これらは、更にパンデクテン方式という仕組みで並べられていると説明されるが、これはドイツ民法に由来する考え方で、共通部分→個別部分(総論→各論)という順番で並べられていることを意味する。なお、民法以外の法律に目を向けてみると、例えば知的財産権法分野では、このパンデクテン方式が採用されていない(多くがアメリカ法由来のため)。

 

簡単にそれぞれを説明すると、①総則では、民法全体に流れる共通事項を定めている。例えば、第3条「私権の享有は、出生に始まる。」は、いつから民法上「人」として扱われるのか?ということを定めており、財産権の帰属主体としての前提となる、という意味で②に影響するし、相続の主体であったり、出生時点で親子関係が決定したり、という意味で③にも大いに影響がある。こういった部分で、①総則は民法全体の総論、共通部分として前にくくりだされているのである。

 

次に②財産法であるが、これは文字通り財産に関する規定である。財産を大別するとモノとカネになるため、それぞれ物権と債権に分類される。本当の財産は人と人とのご縁です、とかいうセリフは民法の世界にはない。将来の契約相手になれば財産法の規律する世界に入ってくるので、早いこと契約に結びつけて欲しいものである。

 

さて、最後に③家族法。身分法という言い方もされたりする。婚姻や子供といった家族の形を規定するのが親族法分野であり、相続に関して規定するのが相続法分野である。こうしてみると、相続法は身分法の中にありながら、基本的にモノとカネの話をしているという点で異質であり、そういった面から、親族法と切り離されて考えられている。昨今話題の同性婚についても、憲法の改正(ないしは解釈変更)はもちろんのこと、現実問題として現在の民法は同性婚を想定しておらず、もっといえば基本的に男女がくっついて子供を作ることが大前提になっているため、大幅な改正が今後なされることが予想される。

 

コラム2

同性婚の話を少し書いたが、個人的な話、同性と同棲している身からすると、婚姻できるようになれば財産上のメリットが大きい。一方で、これら財産上の恩恵は将来の金づr……日本の担い手である子供を産んでくれることに対するものであるという一面は無視してはいけないと考える。婚姻を前提とした社会の仕組みで、子供をつくる機能に関係のない箇所(入院時の面会など)は一刻も早く我々にも開放してほしいが、扶養控除まで頂こうという厚かましいことは到底私には申し上げられない。と、イチ当事者の私見を述べておく。

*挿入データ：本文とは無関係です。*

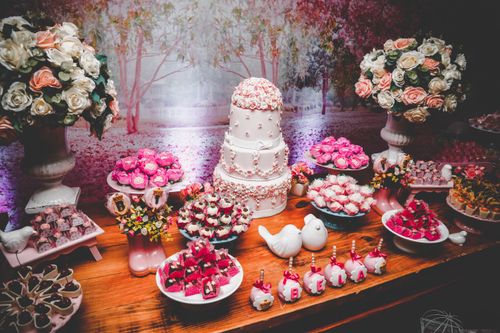 Free A beautifully arranged dessert table featuring a tiered cake, sweets, and floral arrangements. Stock Photo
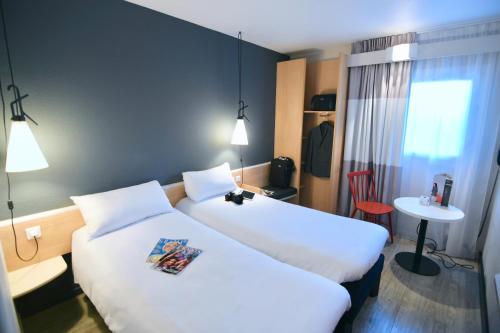 a hotel room with two beds and a table at ibis Maisons Laffitte in Maisons-Laffitte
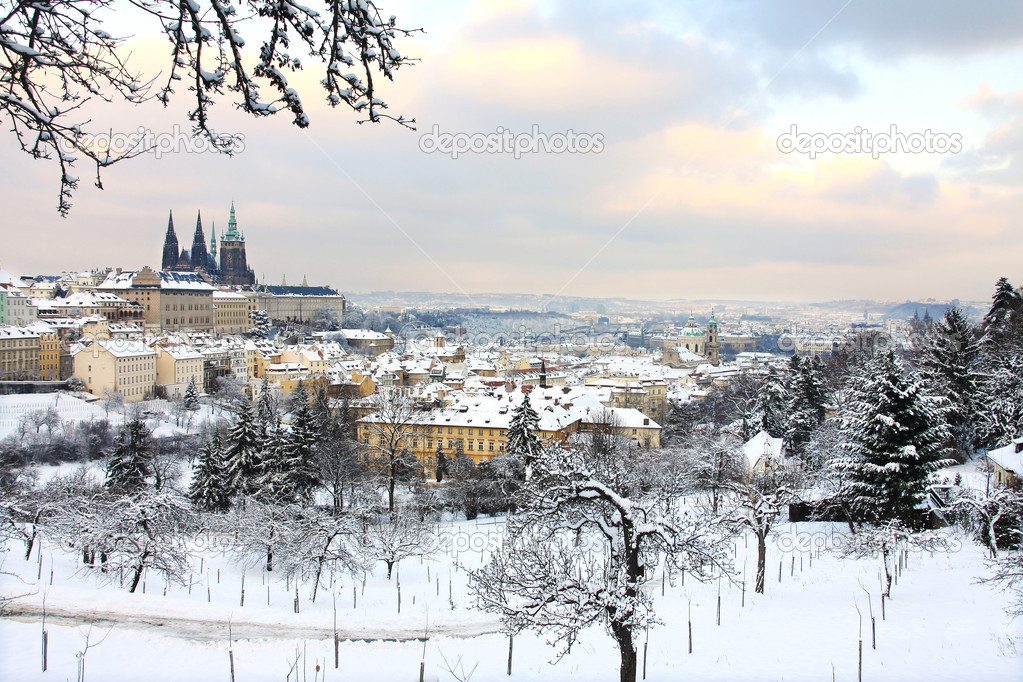 Romantic snowy Prague City with gothic Castle from Strahov Monastery, Czech republic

民法の学びなおし~第1回 「民法とは、私人間の権利義務関係を規律する法律である」

 司法試験から離れてやがて1年。法律を使って仕事をする一般社会人として半年以上やってきた中で、こんな説明で最初から勉強したかったな、と思うことはよくある。ならば書こうというもので、実務の中でもしっかりと復習しながら知識を維持したいという私利私欲も兼ねて、連載の形で「民法の学びなおし」として民法の解説を書いてみることとした。失踪しないことをお祈りいただければ幸いだ。

本連載は、初学者、及びリカレントに向けた解説として、若干学術的な正確性を犠牲にしつつ書いた部分もある。厳密さを省いた箇所には極力自学自習への案内を入れようとは考えているが、不十分な箇所もある。知識のある諸兄にはご容赦願いたいと同時に、ご指摘もお待ちしている。

では、以下、第1回「民法とは、私人間の権利義務関係を規律する法律である」をお届けする。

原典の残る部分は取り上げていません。